Results: Overall, 90% (n = 2723) had their 10-year MOF probability adjusted upwards, with a mean (± SD) change of 4.25% (5.12%). Common adjustments included HAL (31%), TBS (23%), falls (20%), LS BMD (8%), and recent fracture (5%). Similar patterns were observed for hip fracture probabilities. Among those below the IT using FRAX alone, 1785 remained below, with 365 (20.4%) experiencing incident MOFs. Of 339 women uplifted above the IT using FRAXplus, 119 (35.1%) sustained incident MOFs. Among 904 above the IT with both FRAX and FRAXplus, 324 (35.8%) experienced incident MOFs. The NRI was 4.82% (95% CI: 1.87-7.77%; p < 0.01).
Conclusions: FRAXplus improved risk stratification, with a significant proportion of older Swedish women having their fracture probabilities uplifted above the IT, more accurately reflecting their elevated fracture risk, thereby enhancing the utility of risk assessment tools and improving patient management.

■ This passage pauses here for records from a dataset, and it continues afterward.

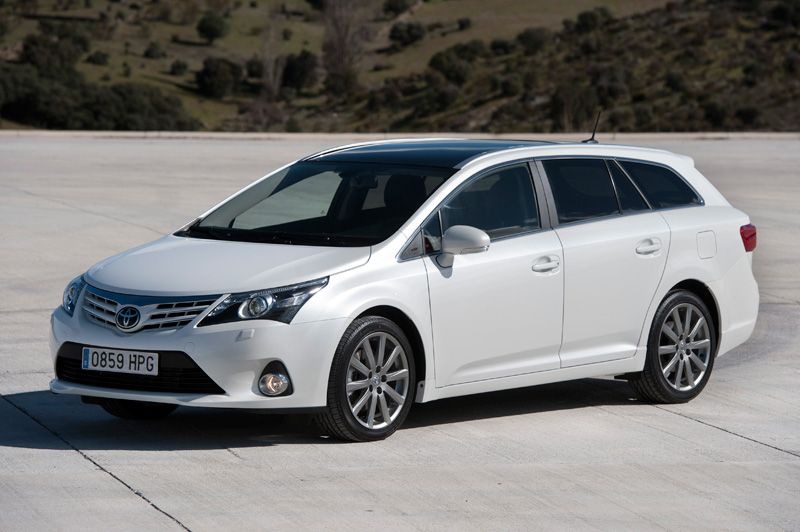 Toyota Avensis 2013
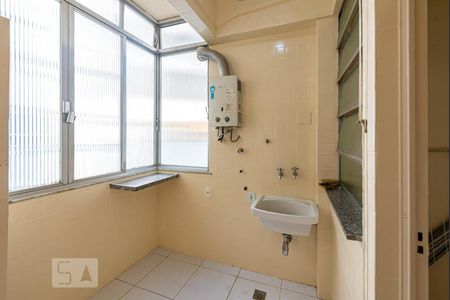 Apartamento para alugar com 134m², 3 quartos e sem vaga Apartamento para alugar com 134m², 3 quartos e sem vagaÁrea de Serviço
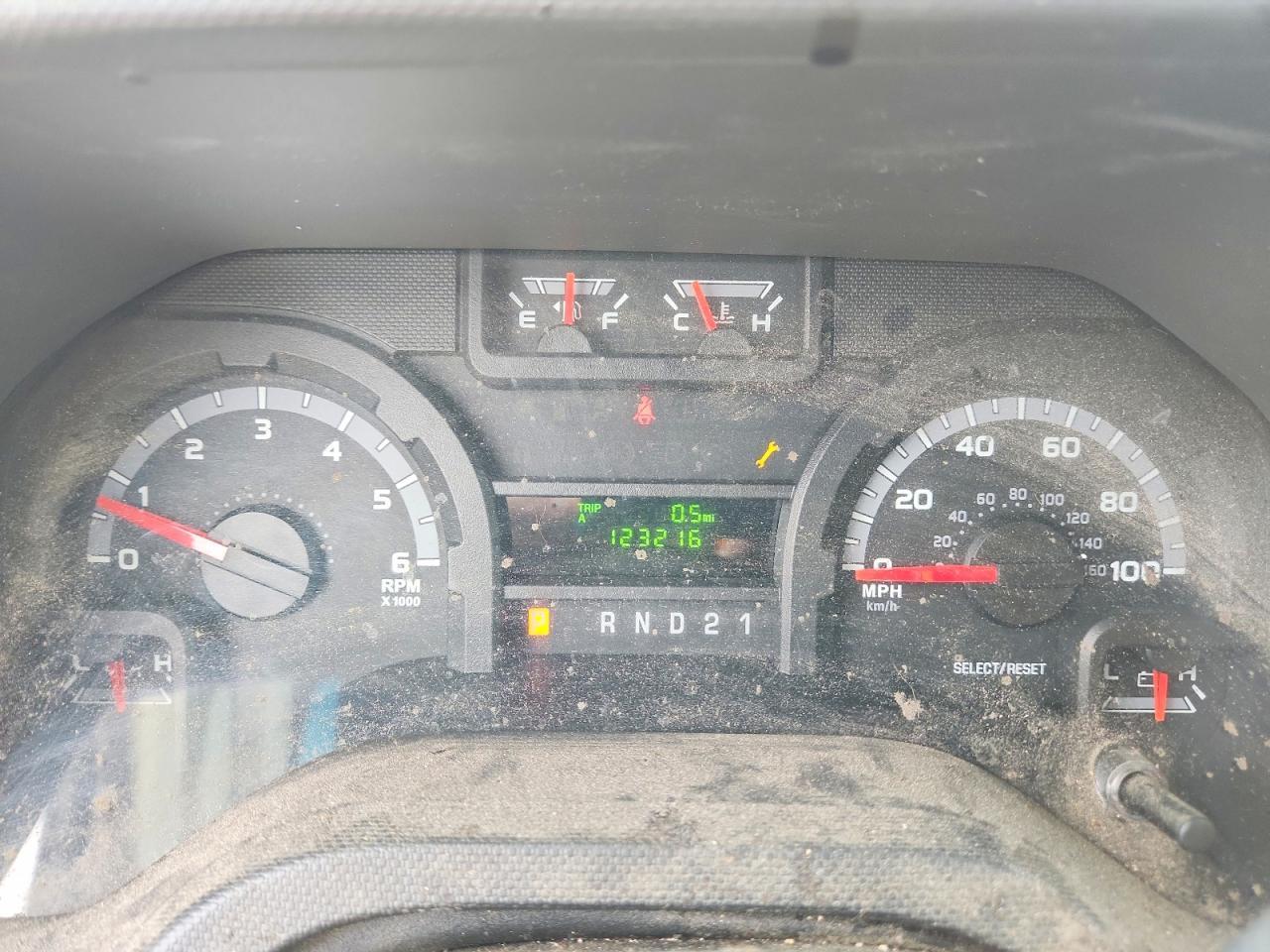 2010 Ford E250 Utility / Service Van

Keywords: FRAXplus; Fracture risk prediction; Hip fracture; Major osteoporotic fracture (MOF); Osteoporosis; Swedish woman.
© 2025. The Author(s).
Conflict of interest statement
Declarations. Conflict of interest: JA Kanis led the team that developed FRAX as director of the WHO Collaborating Centre for Metabolic Bone Diseases; he is a director of Osteoporosis Research Ltd that maintains FRAX. EV McCloskey, WD Leslie, M Lorentzon, NC Harvey, M Schini, E Liu, L Vandenput, and H Johansson are members of the FRAX team. JA Kanis, NC Harvey, and EV McCloskey are members of the advisory body to the National Osteoporosis Guideline Group. M Schini received funding for her fellowship from the Medical Research Council Centre of Excellence for Musculoskeletal Ageing, from the Osteoporosis 2000 support group, and from Roche Diagnostics and honoraria from MA Health care and Kyowa Kirin—all unrelated to this work. Dr. Johansson received lecture fees from UCB Pharma outside the scope of this work. Dr. Axelsson received personal fees from Amgen, Meda/Mylan, and Lilly, also outside the scope of this work.EV McCloskey has received consultancy/lecture fees/grant funding/honoraria from AgNovos, Amgen, AstraZeneca, Consilient Healthcare, Fresenius Kabi, Gilead, GSK, Hologic, Internis, Lilly, Merck, Novartis, ObsEva, Pfizer, Radius Health, Redx Oncology, Roche, Sanofi Aventis, UCB, ViiV, Warner Chilcott and I3 Innovus. M. Lorentzon has received lecture fees from Amgen, Astellas, Meda, Jansen-Cilag, Medison Pharma, Gedeon Richter, UCB Pharma, and consulting fees from Amgen, UCB Pharma, Medac, Gedeon Richter, Pharmacosmos, and Parexel International, all outside the presented research. NC Harvey has received consultancy/lecture fees/honoraria/grant funding from Alliance for Better Bone Health, Amgen, MSD, Eli Lilly, Ra- dius Health, Servier, Shire, UCB, Kyowa Kirin, Consilient Healthcare, Theramex, and Internis Pharma. No other conflicts of interest were reported. Role of the funder/sponsor: The funders were not involved in the design or conduct of the study; the collection, management, analysis, or interpretation of the data; the preparation, review, or approval of the manuscript; or the decision to submit the manuscript for publication. Drs Zoulakis and Lorentzon had full access to all of the data in the study and take responsibility for the integrity of the data and the accuracy of the data analysis.